YOUR GOAL |
The entries are to be repeated in full, without any change.

#### INPUT DATA

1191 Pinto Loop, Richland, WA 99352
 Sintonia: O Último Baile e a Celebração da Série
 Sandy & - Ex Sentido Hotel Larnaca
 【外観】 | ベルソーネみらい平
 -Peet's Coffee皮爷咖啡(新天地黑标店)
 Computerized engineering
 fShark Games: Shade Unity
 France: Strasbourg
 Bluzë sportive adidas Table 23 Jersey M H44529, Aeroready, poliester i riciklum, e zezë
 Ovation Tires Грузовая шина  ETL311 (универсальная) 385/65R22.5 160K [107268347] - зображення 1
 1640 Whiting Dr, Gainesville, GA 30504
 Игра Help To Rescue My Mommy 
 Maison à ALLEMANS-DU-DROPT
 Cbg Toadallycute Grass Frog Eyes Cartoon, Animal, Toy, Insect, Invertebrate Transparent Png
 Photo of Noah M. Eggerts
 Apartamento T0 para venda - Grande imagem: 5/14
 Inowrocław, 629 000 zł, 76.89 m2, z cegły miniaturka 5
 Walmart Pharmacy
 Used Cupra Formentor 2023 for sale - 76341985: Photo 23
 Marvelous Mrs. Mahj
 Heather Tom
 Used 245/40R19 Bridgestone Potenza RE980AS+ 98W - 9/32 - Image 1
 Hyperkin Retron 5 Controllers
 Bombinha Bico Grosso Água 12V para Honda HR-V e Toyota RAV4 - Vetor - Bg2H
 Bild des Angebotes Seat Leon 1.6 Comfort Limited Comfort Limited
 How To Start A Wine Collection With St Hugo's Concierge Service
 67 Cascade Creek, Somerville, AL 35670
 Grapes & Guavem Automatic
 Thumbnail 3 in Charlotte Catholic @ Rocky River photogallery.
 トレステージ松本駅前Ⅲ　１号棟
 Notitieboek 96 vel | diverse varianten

########

PROBLEM SOLUTION |
1191 Pinto Loop, Richland, WA 99352
 Sintonia: O Último Baile e a Celebração da Série
 Sandy & - Ex Sentido Hotel Larnaca
 【外観】 | ベルソーネみらい平
 -Peet's Coffee皮爷咖啡(新天地黑标店)
 Computerized engineering
 fShark Games: Shade Unity
 France: Strasbourg
 Bluzë sportive adidas Table 23 Jersey M H44529, Aeroready, poliester i riciklum, e zezë
 Ovation Tires Грузовая шина  ETL311 (универсальная) 385/65R22.5 160K [107268347] - зображення 1
 1640 Whiting Dr, Gainesville, GA 30504
 Игра Help To Rescue My Mommy 
 Maison à ALLEMANS-DU-DROPT
 Cbg Toadallycute Grass Frog Eyes Cartoon, Animal, Toy, Insect, Invertebrate Transparent Png
 Photo of Noah M. Eggerts
 Apartamento T0 para venda - Grande imagem: 5/14
 Inowrocław, 629 000 zł, 76.89 m2, z cegły miniaturka 5
 Walmart Pharmacy
 Used Cupra Formentor 2023 for sale - 76341985: Photo 23
 Marvelous Mrs. Mahj
 Heather Tom
 Used 245/40R19 Bridgestone Potenza RE980AS+ 98W - 9/32 - Image 1
 Hyperkin Retron 5 Controllers
 Bombinha Bico Grosso Água 12V para Honda HR-V e Toyota RAV4 - Vetor - Bg2H
 Bild des Angebotes Seat Leon 1.6 Comfort Limited Comfort Limited
 How To Start A Wine Collection With St Hugo's Concierge Service
 67 Cascade Creek, Somerville, AL 35670
 Grapes & Guavem Automatic
 Thumbnail 3 in Charlotte Catholic @ Rocky River photogallery.
 トレステージ松本駅前Ⅲ　１号棟
 Notitieboek 96 vel | diverse varianten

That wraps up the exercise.